Selama ini hanya persahabatan? Ia benarkan itu. Tapi
kini, Aryo mulai meragukan penerimaan gadis itu terhadap dirinya. Apalagi
akhir-akhir ini ia melihat kedekatan
Nadila dengan seniornya. Ya, Nadila kini menjadi asisten dosen seniornya.
Ting! Ting! Ting! Nada panggil.
Aryo terhenyak. Dede mamanggilnya.
“Iya hallo Dede
....”
“Kakak tadi menelpon ya?”
“Iya. Ada waktu De?”
“Emmm..... kayaknya nggak Kak. Hari ini juga aku harus mengolah data untuk
penelitian. Itu yang blockgrand dari Jepang. Doktor Mirwan memintaku untuk
fokus membantunya.”
“Sebentar saja De ...”
“Ini aku masih di dekatnya.”
“Ooooh .... ya sudah. Tapi, tolong dengarin aku sebentar saja ya ....”
“Apa Kak?”
“Menjauh sedikit dari Pak Mirwan ... cari tempat terlindung, aku mau tanya
serius.”
“Berlindung? Wah kakak bisa saja, kayak mau berperang. Sudah niiih, aku
sudah menjauh. Ada apa Kak?”
“De, maaf ya .... kayaknya Dede semakin dengan Doktor Mirwan ya?”
“Kak, kenapa tanya begitu?”
“Kemarin juga aku lihat Dede bareng dia, satu mobil.”
“Oooh kemarin? Itu ke rektorat Kak ...”
“Dede suka dengan Doktor Mirwan?”
“Emmm...... aaah.... apaan sih Kak Aryo! Sudahlah, maaf ya, lain kali kita
sambung lagi.”
Ketika Nadila mematikan HP, Aryo hanya mendesah dalam.
Rasanya sudah tak ada harapan lagi bagi dirinya mengharapkan Nadila lebih dari
yang selama ini. Pemuda itu kecewa. Sangat kecewa.

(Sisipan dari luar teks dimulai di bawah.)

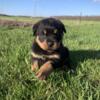 Champion German and Serbian lines registered Blockhead Rottweiler puppies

Kesibukan melakukan penelitian atas biaya dari Jepang,
membuat Nadila benar-benar melupakan Aryo. Aryo sendiri yang sudah merasa patah
arang, tak banyak mengontak lagi. Untuk apa mengontak jika hanya kekecewaan
berulang yang ia dapat?
Aryo Bimo yang semula tegar, kini runtuh ketegarannya. Ia
mencoba menghapus semua kenangan, rancangan dan harapannya terhadap Nadila. Ia
ganti semua nomor kontak dirinya. Ia ingin melupakan Bandung. Dalam waktu yang
bersamaan, kedua orang tuanya yang perantau, pindah menjalani masa tua di
kampung halamannya di Banten. Kini Bandung tak tersisa dalam hatinya.
Majalengka pun tak tersisa dalam hidupnya. Ia tinggalkan kota Bandung tanpa
memberi tahu Nadila, sama seperti Nadila yang tak pernah memberi tahu segala
hal kepadanya seperti dulu.
Sepeninggal Aryo, sempat suatu ketika Nadila mencarinya.
Namun gadis tak menemukan siapa-siapa. Menurut informasi, Aro telah resign dari perguruan tinggi itu, tanpa memberi tahu apa alasannya.
***
Forum Ilmiah ASEAN. Bandung suatu malam.
Gemerlap lampu ruangan sidang ilmiah “Satu Riset
Untuk ASEAN Emas” begitu berwibawa. Nadila “Dede” Dirgantari tertunduk. Air
matanya menitik. Dada gadis magister itu bergetar sebuah kebanggan berada di
tengah ratusan pakar, ilmuwan dan mahasiswa terpilih.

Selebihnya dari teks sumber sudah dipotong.